Hi, is there a way to stop screen refresh after an user clicks a button? I would like to display the output from clicking the button without refreshing the screen. Currently, it refreshes the screen and displays from the start. Thanks.
Short answer is no, but…
-
There is a stop button in the upper-right corner that can do this. There just isn’t a way to make an
st.button
do the same thing without triggering a rerun. -
There is a sort of edge case with fragments. When a fragment writes outside of its main container, the writes are accumulative. So you could have a fragment running which writes to some other container and have a button in the fragment to stop it. However, when I put together a code sample, it did something unexpected so now I’m reporting a bug…
Thanks for the comment. I searched the forum and found some older discussions. I couldn’t figure out the status. So thank you very much for clearing it up.
Isn’t this a serious issue to resolve? If I don’t want to refresh the screen when a button is clicked, does that mean I cannot use streamlit?

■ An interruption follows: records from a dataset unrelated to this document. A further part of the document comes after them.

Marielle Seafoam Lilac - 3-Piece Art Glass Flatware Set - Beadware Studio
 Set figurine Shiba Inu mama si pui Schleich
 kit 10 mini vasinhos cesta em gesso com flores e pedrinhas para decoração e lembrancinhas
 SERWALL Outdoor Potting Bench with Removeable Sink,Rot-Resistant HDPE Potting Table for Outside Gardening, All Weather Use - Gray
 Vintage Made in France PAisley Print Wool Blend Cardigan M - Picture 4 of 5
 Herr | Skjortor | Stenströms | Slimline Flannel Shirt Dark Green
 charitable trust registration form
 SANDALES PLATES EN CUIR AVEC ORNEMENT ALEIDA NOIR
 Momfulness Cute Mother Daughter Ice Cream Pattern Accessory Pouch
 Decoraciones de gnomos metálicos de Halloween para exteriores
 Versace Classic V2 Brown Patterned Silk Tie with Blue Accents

An engineer helped clean up my fragment example to work. It’s kind of limited because you have create a list of the things you want to display and have a fragment iterate through them to display one at a time. (A fragment can’t be interrupted in the middle of a run, so you have to break it up to do one thing at a time.)
import streamlit as st
import time
if "items" not in st.session_state:
st.session_state.items = range(50)
if "i" not in st.session_state:
st.session_state.i = 0
if "run" not in st.session_state:
st.session_state.run = False
def run():
st.session_state.run = True
@st.fragment()
def frag_writer(container):
st.button("Start", on_click=run)
st.button("Stop", on_click=st.stop)
if st.session_state.run and st.session_state.i < len(st.session_state["items"]):
container.write(st.session_state["items"][st.session_state.i])
st.session_state.i += 1
time.sleep(.2)
st.rerun(scope="fragment")
else:
st.session_state.run = False
header = st.container()
body = st.container()
with header:
frag_writer(body)
This example will write through the list, where you can start and stop it. You’d need to trigger a full-script rerun to clear the page.